In geometry, a diagonal is a line segment that connects two non-adjacent vertices of a polygon. An n-gon is a polygon with n sides. For example, a triangle is a 3-gon, a quadrilateral is a 4-gon, a pentagon is a 5-gon, and so on.

To find the number of diagonals in an n-gon, we can use the following formula:

**Number of diagonals = n(n-3)/2**

Where 'n' is the number of sides of the polygon.

Derivation of the Formula

Let's understand how this formula is derived. Consider an n-gon. From each vertex, we can draw (n-3) diagonals. For example, in a pentagon (n=5), from each vertex, we can draw 2 (5-3) diagonals.

However, if we simply multiply n by (n-3), we are counting each diagonal twice (once for each endpoint). Therefore, we divide the result by 2 to get the actual number of diagonals.

Example

Let's find the number of diagonals in a hexagon (n=6).

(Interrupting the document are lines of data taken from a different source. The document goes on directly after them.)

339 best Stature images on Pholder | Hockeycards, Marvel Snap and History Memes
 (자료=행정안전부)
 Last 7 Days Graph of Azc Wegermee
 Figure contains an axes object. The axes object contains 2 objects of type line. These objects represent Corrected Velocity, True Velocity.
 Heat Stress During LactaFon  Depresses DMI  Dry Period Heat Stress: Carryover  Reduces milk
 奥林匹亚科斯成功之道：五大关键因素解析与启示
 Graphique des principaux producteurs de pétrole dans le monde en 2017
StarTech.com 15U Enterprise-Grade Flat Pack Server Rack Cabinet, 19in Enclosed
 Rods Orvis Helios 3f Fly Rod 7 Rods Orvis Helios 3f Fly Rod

Number of diagonals = 6(6-3)/2 = 9

Therefore, a hexagon has 9 diagonals.

Table of Diagonals

Polygon	Number of Sides (n)	Number of Diagonals
Triangle	3	0
Quadrilateral	4	2
Pentagon	5	5
Hexagon	6	9
Heptagon	7	14
Octagon	8	20

Applications

Understanding the concept of diagonals is crucial in various geometric applications, including:

• Calculating the area and perimeter of polygons.
• Analyzing the properties of regular polygons.
• Solving problems related to symmetry and tessellations.

Conclusion

The formula for calculating the number of diagonals in an n-gon provides a simple and effective method to determine this geometric property. This knowledge is valuable for various geometric applications and helps in understanding the relationships between sides, vertices, and diagonals in polygons.